Common Mistakes to Avoid
- Buying on raw tonnage, not clean product. A model rated at 150 t/h does not yield 150 t/h of saleable washed material when the feed is dirty.
- Starving the water supply. Spray washing and the screw washer both need adequate flow and pressure; short water means poor cleaning and a wet, fines-laden sand.
- Ignoring the settling system. Recycling muddy water back to the spray bars defeats the purpose of washing.
- Running flat out continuously. Holding the plant at its ceiling accelerates media and flight wear and lets fines escape.
- Skipping the re-level after a move. An out-of-level screen and screw washer grade and dewater unevenly.
- Feeding oversize the screen cannot handle. Material above the deck rating belongs in front of a crusher, not on the washing screen, where it batters the media and blocks the deck.
How to Choose the Right SW Model
Start from the cleaned tonnage you must deliver, then add headroom for how dirty and how fine your feed is.

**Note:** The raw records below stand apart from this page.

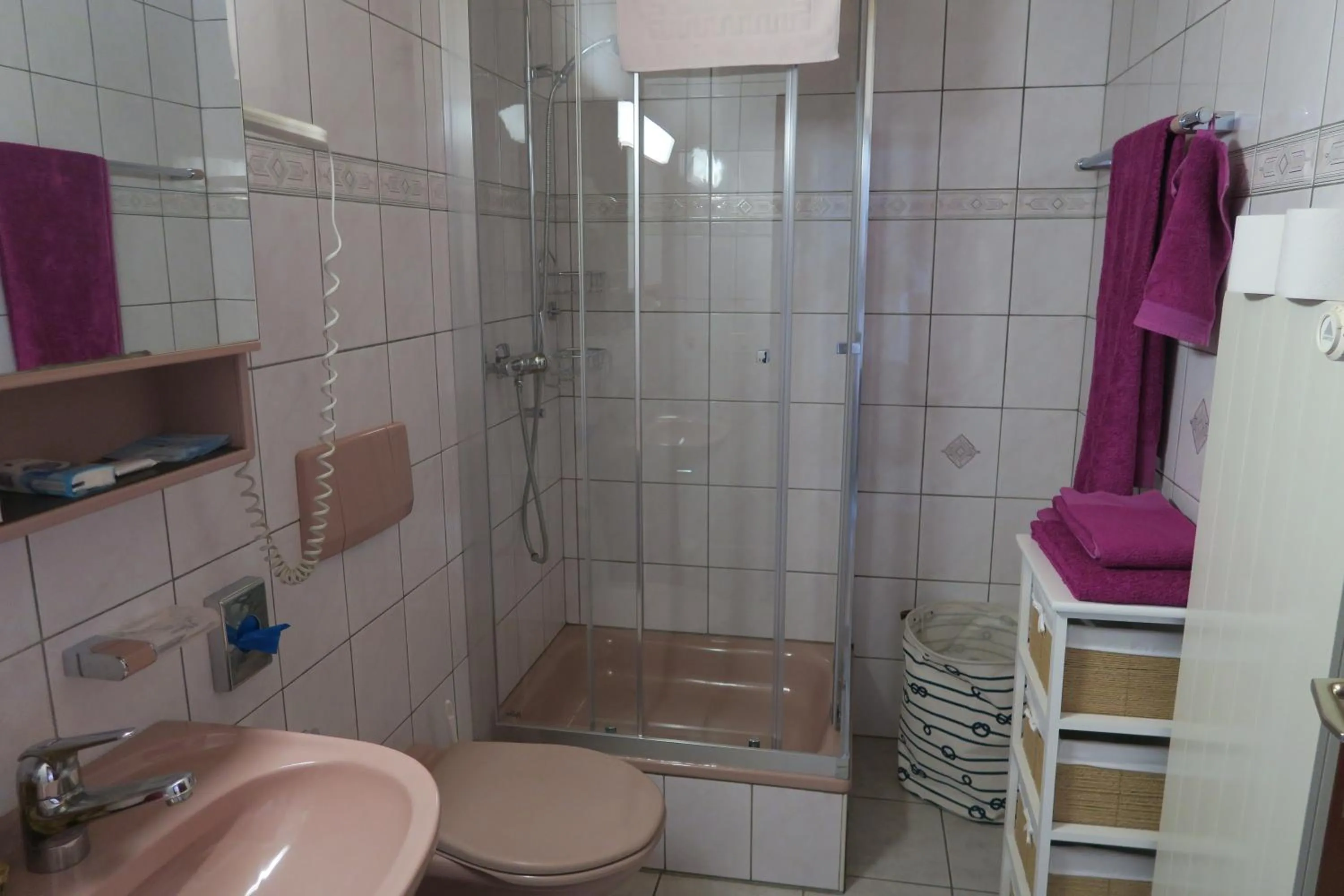 Toilet in L'Union B&B - Chambres d'hôtes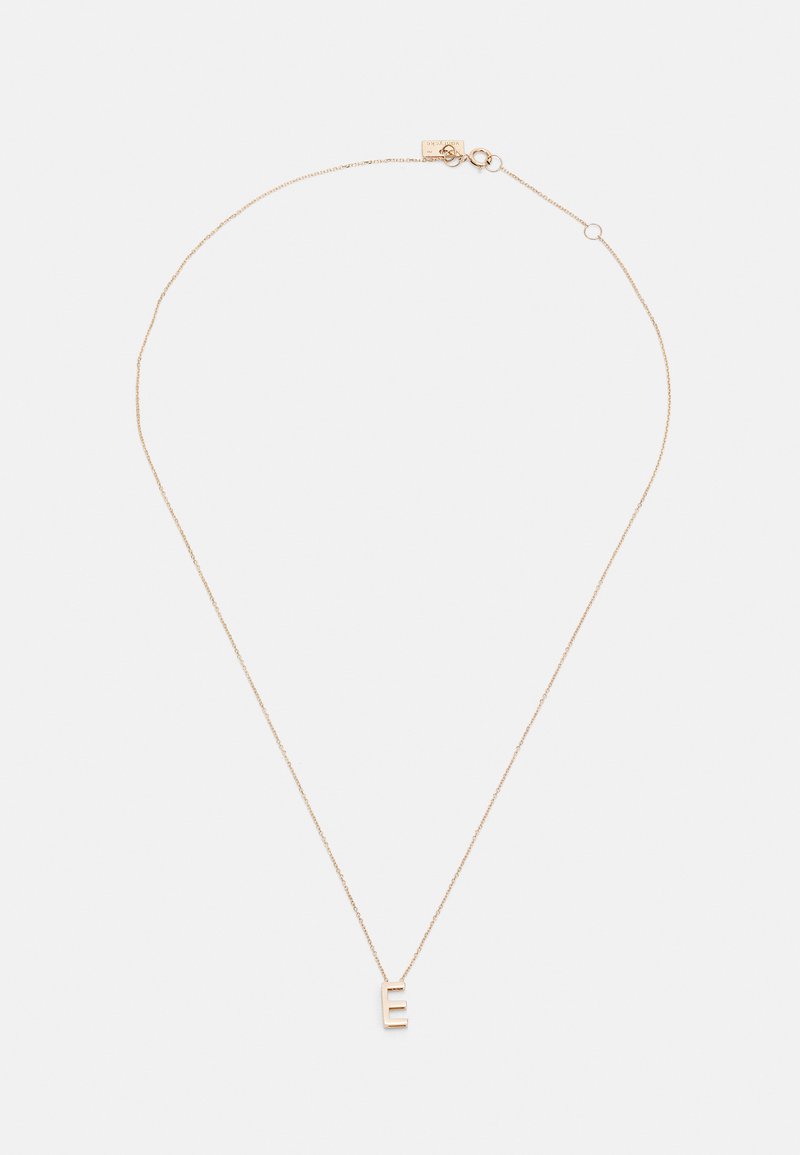 Goldfarbene Halskette mit einer dünnen Kette und einem Anhänger in Blockschrift mit "E". Verfügt über einen Verschluss für die einstellbare Länge. Einfaches Design und glatte Textur.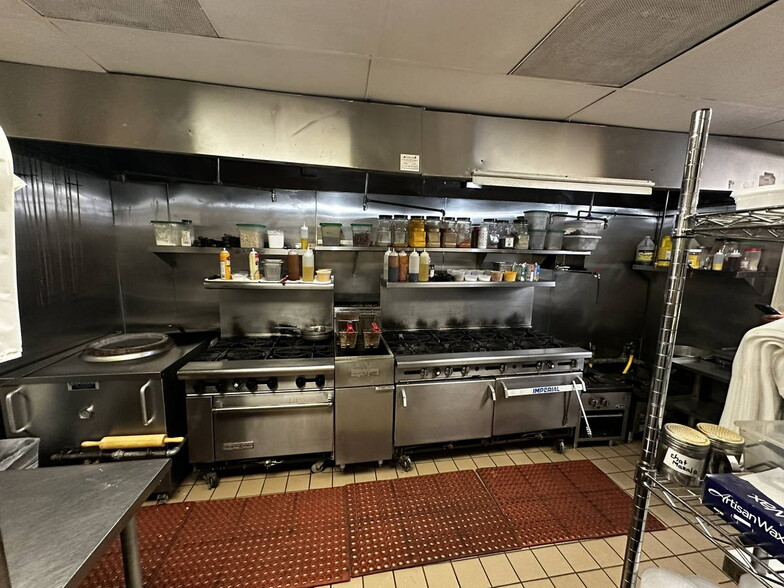 1128-1142 Valencia St, San Francisco, CA for lease - Building Photo - Image 3 of 7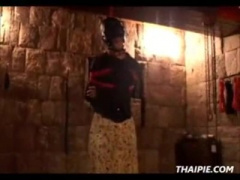 SM マスク姿の変態女を地下室で拘束調教!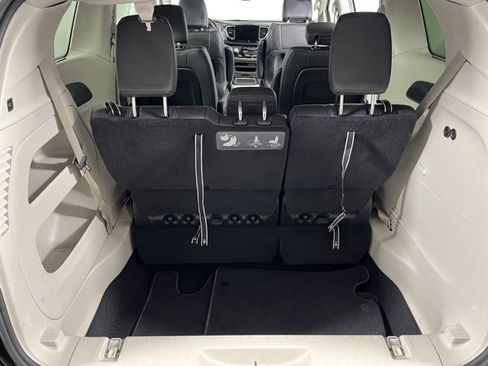 Used 2021 Chrysler Pacifica Touring-L image 38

Match that to one of the four capacities, and the screen and screw washer sizes follow automatically. Confirm your water supply can feed the spray bars and screw washer at the model flow, and confirm your power source matches the plant draw. Think about the number of graded fractions you need to sell, which depends on how the screen is decked.
If you expect to relocate often or work several small deposits, the SW series mobility is the whole point; if you are committed to one high-tonnage site for years, weigh it against a fixed wash line. Constmach application engineers will take your material, grading targets and site constraints and confirm the model before you commit, so the plant you receive is the one your deposit actually needs.
A short checklist keeps the choice honest. Write down the clean tonnage you must sell, the worst grading and clay load you expect to feed, the number of separate products the market wants, the water flow and pressure you can supply, and the power available on site. Those five figures, taken together, point at one model far more reliably than a headline capacity does, and they are exactly the figures the application engineers will ask for, so gathering them before the conversation shortens it considerably.